A performance de Demi Moore foi amplamente elogiada, rendendo-lhe o Globo de Ouro de Melhor Atriz em Filme – Musical ou Comédia, além de indicações ao Oscar, Bafta e Screen Actors Guild Awards.
Brutalista
Com dez indicações, O Brutalista apresenta, ao longo de três horas e meia, a história do arquiteto húngaro László Toth, que fugiu da Europa devastada pela Segunda Guerra em busca de um novo começo na América.
A obra levou para casa três dos sete Globos de Ouro aos quais concorria: filme dramático, direção e ator em drama (Adrien Brody), abrindo-lhe o caminho como um dos favoritos para o Oscar.

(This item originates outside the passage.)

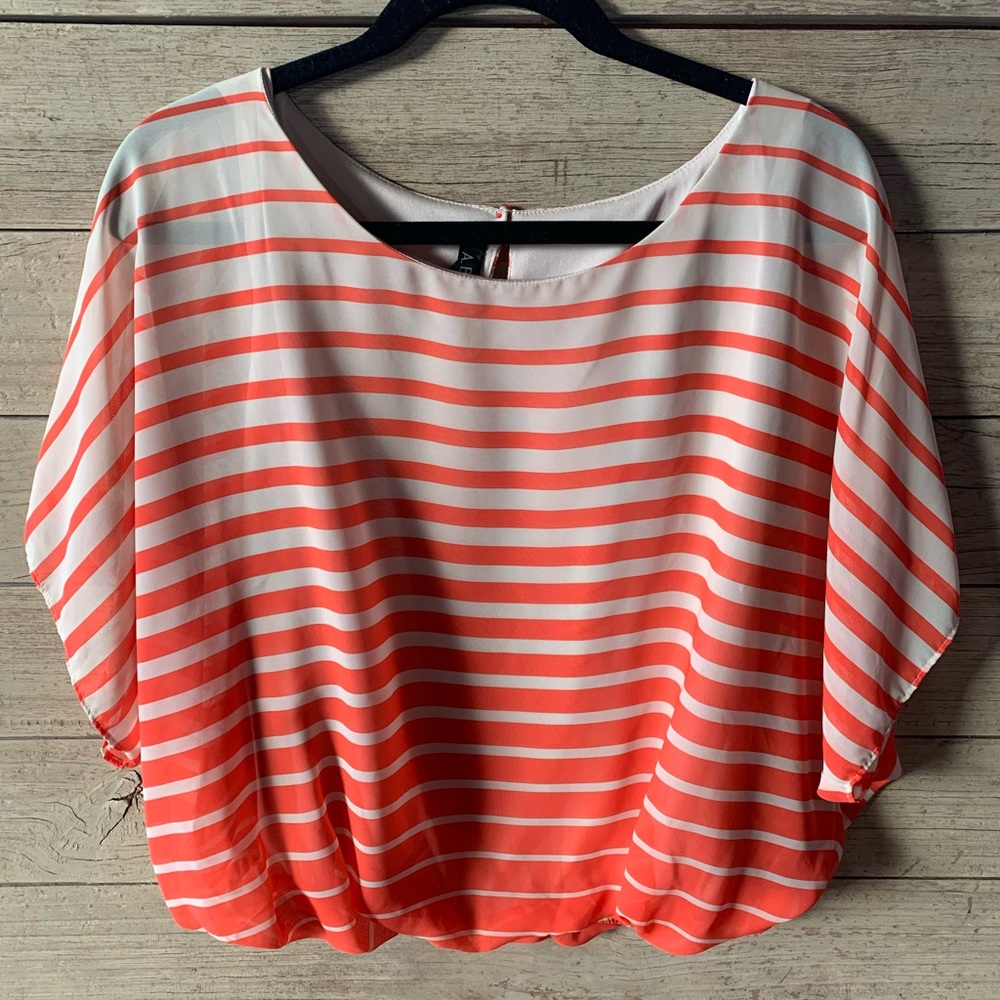 A Beyer Vibrant Orange Blouse Bold Style SzM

Em fevereiro, uma revelação levantou discussões sobre a produção do filme. Dávid Jancsó, montador responsável pela edição, admitiu que usou ferramentas de inteligência artificial para aperfeiçoar o sotaque húngaro do inglês falado pelos personagens de Brody e de Felicity Jones, que interpreta a mulher do arquiteto.
Wicked
Indicado em dez categorias e vencedor em Figurino e Design de Produção, Wicked é um musical estrelado por Cynthia Erivo e Ariana Grande.

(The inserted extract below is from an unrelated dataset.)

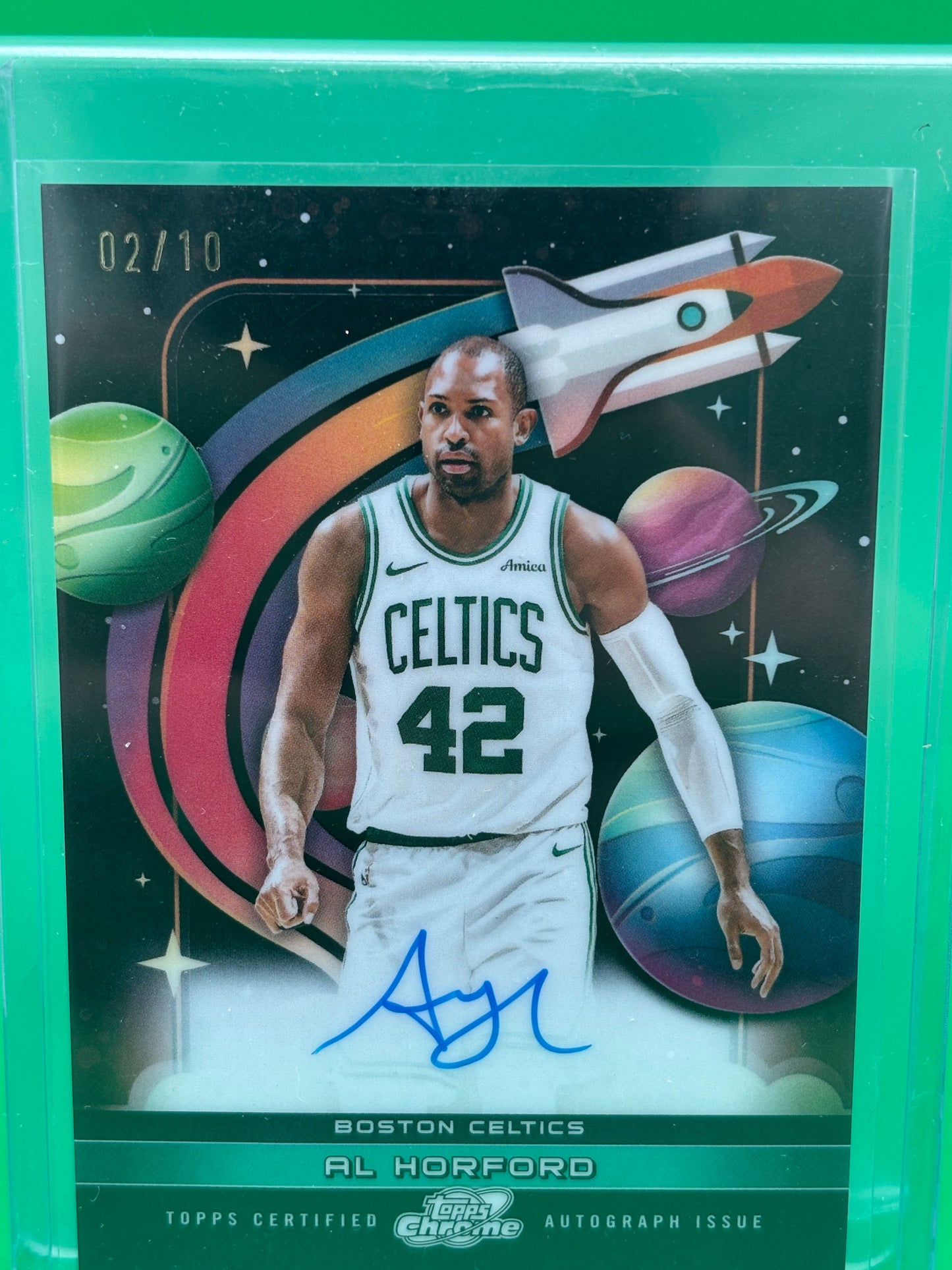 2026 Topps Cosmic Chrome Basketball Al Horford First Flight Signatures Autograph card, numbered 02/10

A produção é a primeira de uma adaptação cinematográfica em duas partes do aclamado musical da Broadway, baseado no romance Wicked: The Life and Times of the Wicked Witch of the West, de Gregory Maguire. A trama oferece uma perspectiva alternativa do clássico O Mágico de Oz, explorando a complexa relação entre Elphaba (Erivo), a futura Bruxa Má do Oeste, e Glinda (Grande), a Bruxa Boa do Sul, antes da chegada de Dorothy em Oz.
Anora
Vencedor da Palma de Ouro no último Festival de Cannes, Anora, dirigido por Sean Baker, é uma comédia dramática que mistura realismo social e humor. O filme acompanha Ani (Mikey Madison), uma jovem stripper de Nova York que inesperadamente se casa com o filho de um oligarca russo. O que começa como um conto de fadas moderno logo se transforma em um embate cultural e financeiro, enquanto a família do noivo tenta anular a união a qualquer custo.
O roteiro aborda criticamente aspectos do capitalismo americano e as complexidades das relações humanas.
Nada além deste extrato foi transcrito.